Thus, extensive research has been conducted in this direction in order to build a robust model to guard them against adversarial attacks.

As for the attack methods, also defence methods can be split into different categories based on the strategy these methods employ. Defence techniques can then be classified into five categories such as:

  • Robust training: These kinds of techniques aim to make a classifier robust against small internal perturbations. One possible strategy is based on adversarial training by augmenting the training data by adding adversarially generated examples, or defensive distillation which consists of retraining a network using previously generated soft labels. Another possible way consists of training robust models with regularization such as those based on the Lipschitz constant, or perturbation norm.
  • Input transformation: These methods take advantage of the fact that several defenses aim at transforming the inputs right before feeding them to the classifier. Among them, we have JPG compression and feature squeezing such as total variance minimization and image quilting. More sophisticated methods project adversarial examples onto the data distribution through generative models.
  • Randomization: Randomness-based defence methods add randomness to either the input such as resizing or padding, or adding randomness to the model parameters so to mitigate the effect of adversarial examples.
  • Model ensemble: Ensemble methods can be used also for defence purposes. Besides just aggregating outputs from each model in the ensemble, some methods average the predictions over random noises injected into the model. Similarly, it can be also introduced a regularizer to promote the diversity among the predictions of different models.

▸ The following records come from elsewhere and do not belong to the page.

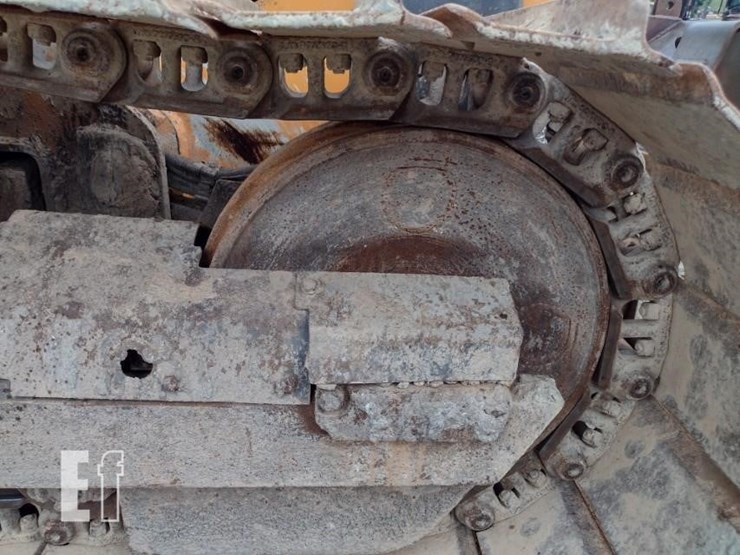 case-1150m-image-36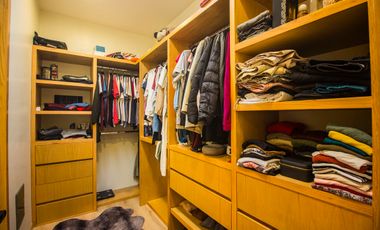 Se renta casa en solares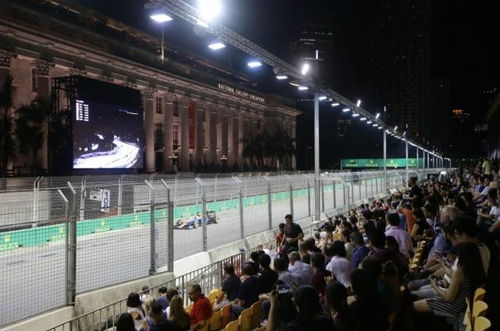 2026 the best LED racing light supplier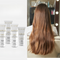Bio Keratine Haarrechtmaken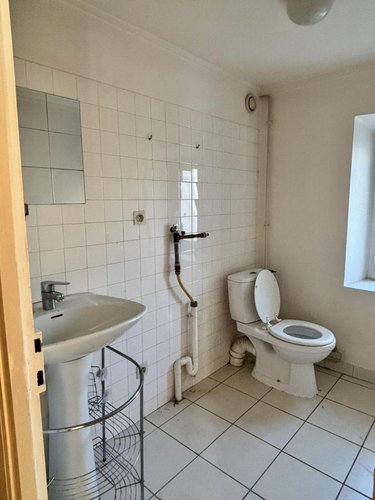 Appartement a vendre Voiron 38500 Isère 143 m2 5 pièces 239000 euros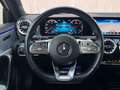 Mercedes-Benz A 180 d Aut. AMG-Line, Bicolor Leder, 360 Grad, Wides... Weiß - thumbnail 13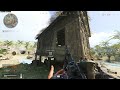 Call of Duty  Modern Warfare 2019 | Shot with GeForce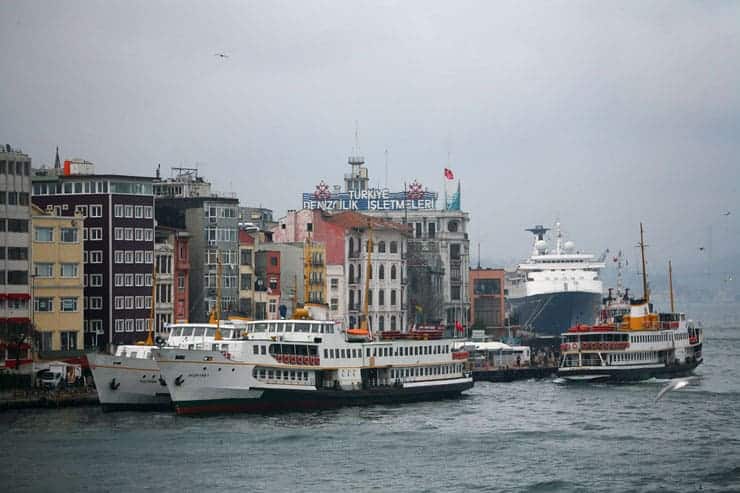 karakoy_fotograflari_011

Note that these categories are not exclusive, that is, a defence method can belong to many categories.

In order to avoid creating confusion, in the following sections we are going to describe several methods and, at the end of this section, we are going to summarize their respective category in a specific table.

Adversarial training

Adversarial training is a very simple and intuitive defence method to protect a model against adversarial examples. It consists of generating adversarial examples using different attack methods on the target model.

In the second step, those adversarial examples are used and merged with the original training set to form an augmented training set, and finally the target model is retrained on the augmented training set.

During the retraining phase, along with the model’s objective function, can be minimized also an adversarial objective function which can work as an effective regularize.

Evaluating this defence method, the corresponding authors found that without adversarial training, the error rate of a target model was 89.4% on adversarial examples based on the FGSM. Conversely, With adversarial training, the error rate fell to 17.9% on the same set of adversarial examples (link).

Parseval regularization

Parseval regularization is a layerwise regularization method for reducing the network’s sensitivity to small perturbations by carefully controlling its global Lipschitz constant. It works by constraining the Lipschitz constant of each hidden layer to be smaller than one.

That way, it avoids the exponential growth of the Lipschitz constant, and a usual regularization scheme (i.e., weight decay) at the last layer then controls the overall Lipschitz constant of the network.

To enforce these constraints in practice, a network trained with Parseval regularization combine two ideas: maintaining orthonormal rows in linear and convolutional layers and performing convex combinations in aggregation layers.

As a consequence of this regularization method, models train faster and make better use of their capacity (link).

Cross-Lipschitz regularization

Cross-Lipschitz regularization is a regularization constraint whose goal is to make the differences of the classifier functions at the input learned images as constant as possible. Cross-Lipschitz regularized object function is defined as:

\Omega (f)=\frac{1}{nK^2}\sum_{i=1}^n\sum_{l,m=1}^K||\nabla f_l(x_i)-\nabla f_m(x_i)||_2^2,

\frac{1}{n}\sum_{i=1}^n L(y_i, f(x_i))+\lambda\Omega(f),

where xi, i=1,…,n, are training data and fy(x) is the probability of classifier f given to the class y. Hence, this loss function tries to minimize the equation above, thus it maximizes fc(xi)-fj(xi) and at the same time keeps ||∇fl(xi)-∇ fm(xi)||22) small uniformly over all classes.

The authors of this method proved that training with Cross-Lipschitz regularization automatically enforces the robustness of the resulting classifier (link).

Deep Defence

Many methods regularization-based defence methods approximate the learning objective of the target network. However, this may lead to a degraded prediction accuracy on the test set or a lack of robustness against advanced adversarial examples.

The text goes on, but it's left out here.